<<<<

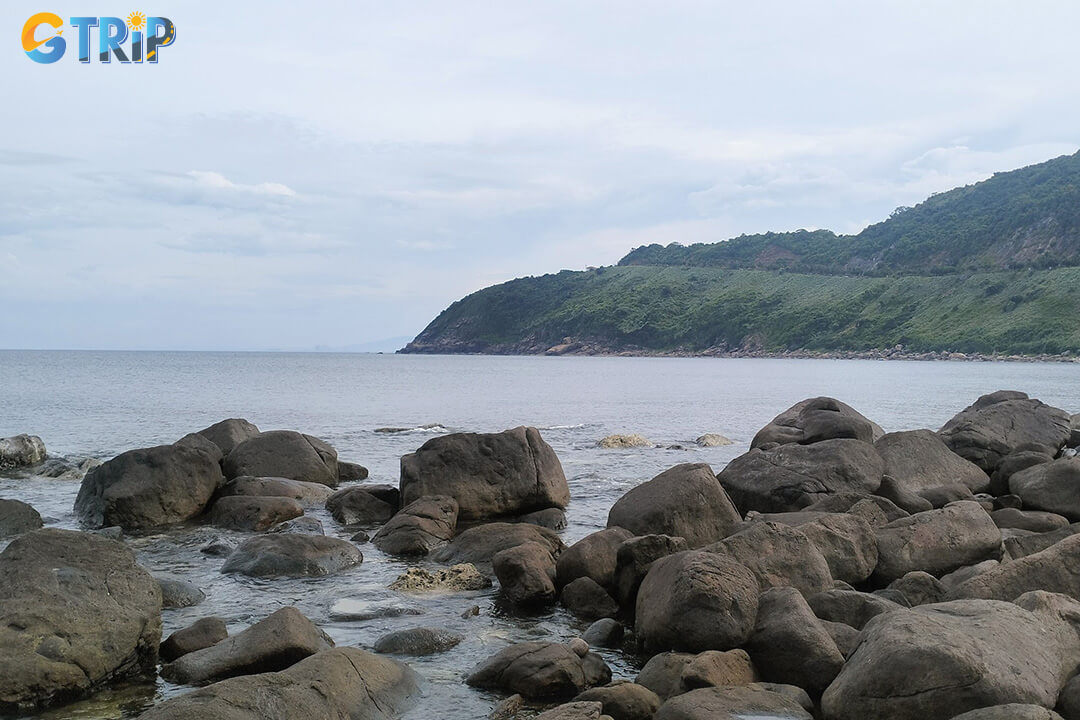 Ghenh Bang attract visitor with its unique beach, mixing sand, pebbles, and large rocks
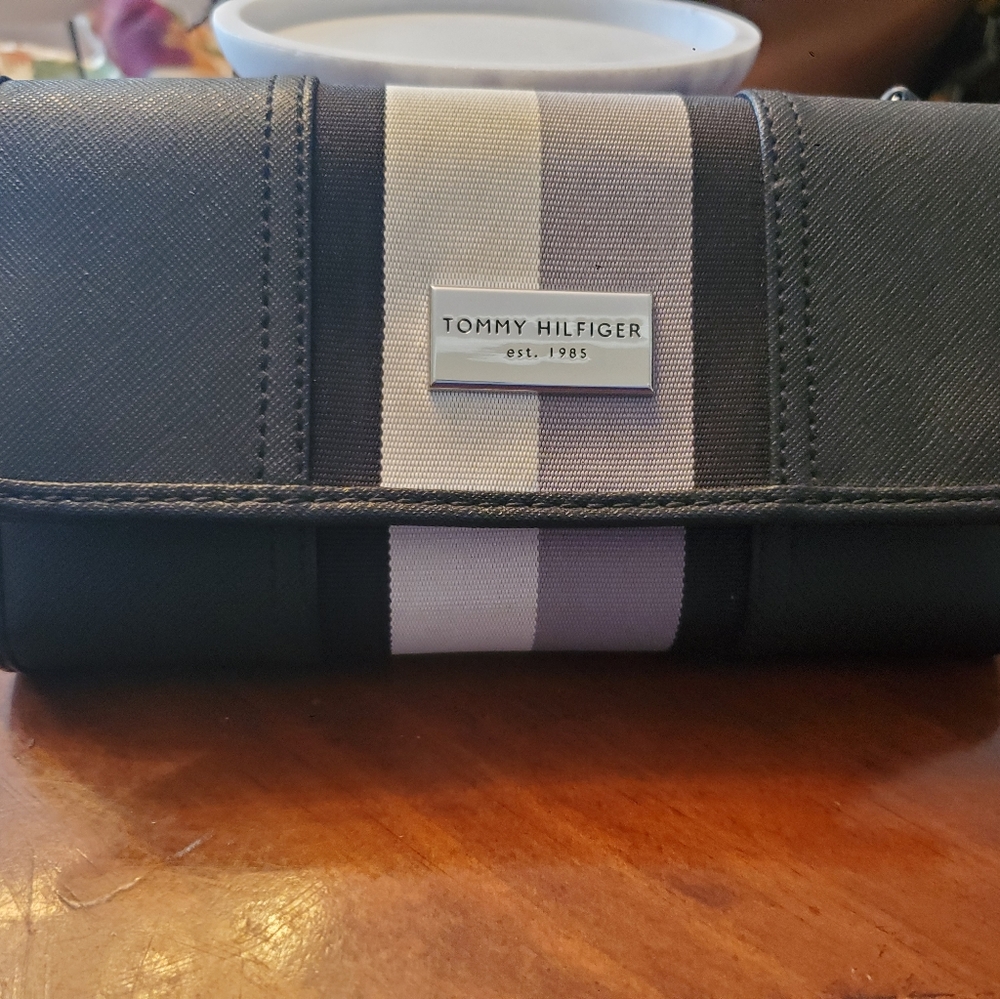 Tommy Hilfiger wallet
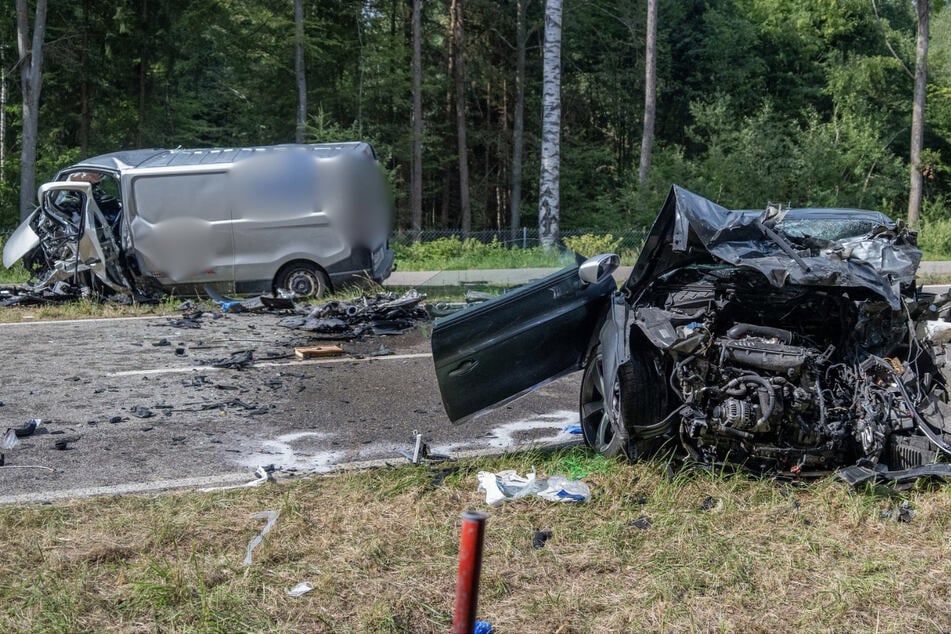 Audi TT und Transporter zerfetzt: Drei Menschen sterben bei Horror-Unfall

>>>>

Please set down each line of the data above exactly as written, without the pictures.

 Ghenh Bang attract visitor with its unique beach, mixing sand, pebbles, and large rocks
 Tommy Hilfiger wallet
 Audi TT und Transporter zerfetzt: Drei Menschen sterben bei Horror-Unfall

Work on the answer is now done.